If instead at step 200 the first rotor position is determined to be at or near the maximum restricted flow position, the processor will instruct the motor to rotate the rotor towards the fully opened position (step 270). Then, the pressure transducer 34 is read again and the pressure reading is compared to the first pressure reading (step 280). The processer then determines whether the pressure decreased as expected (step 290); if yes, then the processor records a condition normal state and returns the downhole telemetry tool 20 back to normal telemetry operation (step 300). If instead the pressure increased, the rotor 60 did not open as expected and instead was moved into a more restricted flow position, and the processor records a reverse pulsing condition indicating that the rotor is misaligned (step 310). The processor can communicate the reverse pulsing condition in a long header portion from the next message frame of a telemetry signal, and execute the calibration sweep program or other known calibration techniques to realign the rotor 60.

The reverse pulse detection program can be continuously executed during normal operation, wherein the processor is continuously measuring the pressure transducer readings as the rotor 60 moves back and forth by the set +/−30 degree oscillation, determining if the measured pressure is increasing or decreasing between the start and end positions of an oscillation, and then comparing the measured increase or decrease to the expected pressure change to determine if a reverse pulse condition exists.

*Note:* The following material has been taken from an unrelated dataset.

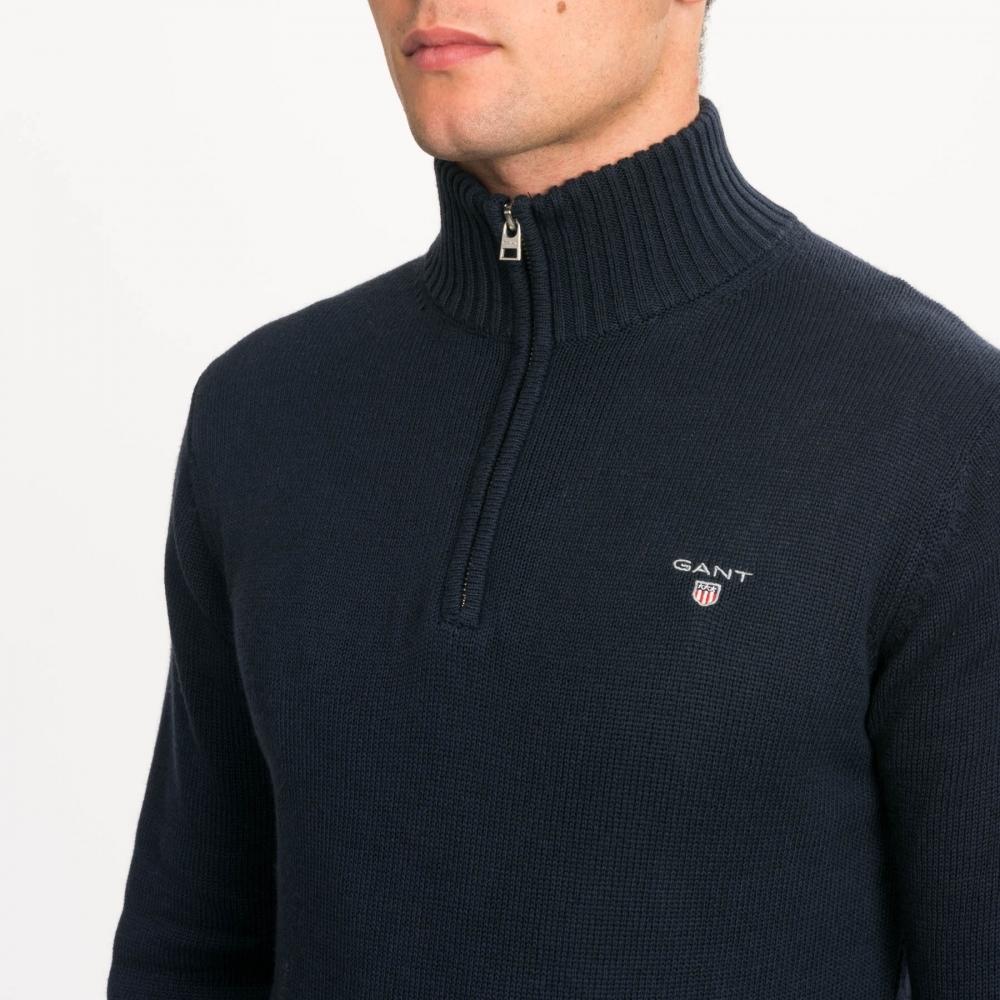 GANT Cotton Half Zip Knit Jumper in Blue for Men - Lyst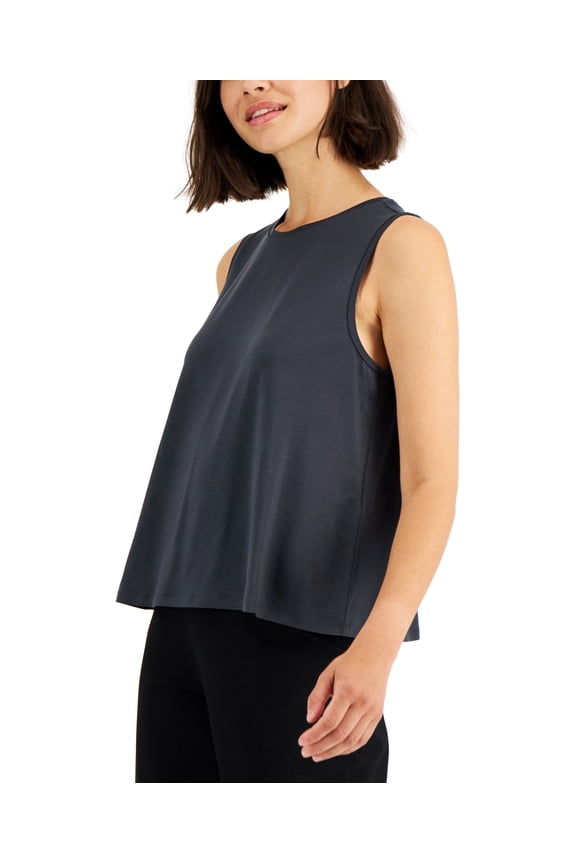 Relaxed Sleeveless Top Graphite 3X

Alternatively, the reverse pulse detection program can be executed at a predetermined point during a frame, i.e. at a predetermined position of the rotor 60 during its oscillation, such as the halfway point of the oscillation. In this alternative embodiment, the processor moves the rotor 60 a relatively small increment (e.g. 3-5 degrees) towards the restricted flow position. The processor then reads the pressure transducer 34 and determines whether the pressure has increased as expected; if the pressure did not increase as expected, the processor records a reverse pulse condition. Conversely, the processor can be moved a small increment towards the fully opened position, in which case the processor is expected to read a pressure decrease, and will record a reverse pulse condition if the pressure reading is not what was expected.

According to another embodiment, the processor can execute a method for determining whether the rotor is out of alignment and requires a realignment, and the reverse pulse detection program is modified accordingly to execute this method. In this embodiment, the reverse pulse detection program is programmed to move the rotor 60 from a first rotor position having an expected first pressure towards a second expected rotor position having a second expected pressure. The pressure transducer is read at these two rotor positions and compared to the expected pressures at these two rotor positions stored on the rotor position map. If there is no difference between the measured pressure and the expected pressure, then the rotor is determined to in alignment. If there is a difference between the measured and expected pressures that is within an acceptable range, then the rotor 60 is considered to be misaligned but not requiring realignment. The acceptable range can correspond to rotor positions that produce an acceptable quality of the data transmission, e.g. a data transmission that can be decoded at surface under normal operating conditions. If the difference between the measured and expected pressures is outside the selected range, the rotor 60 is considered to be misaligned and requiring realignment.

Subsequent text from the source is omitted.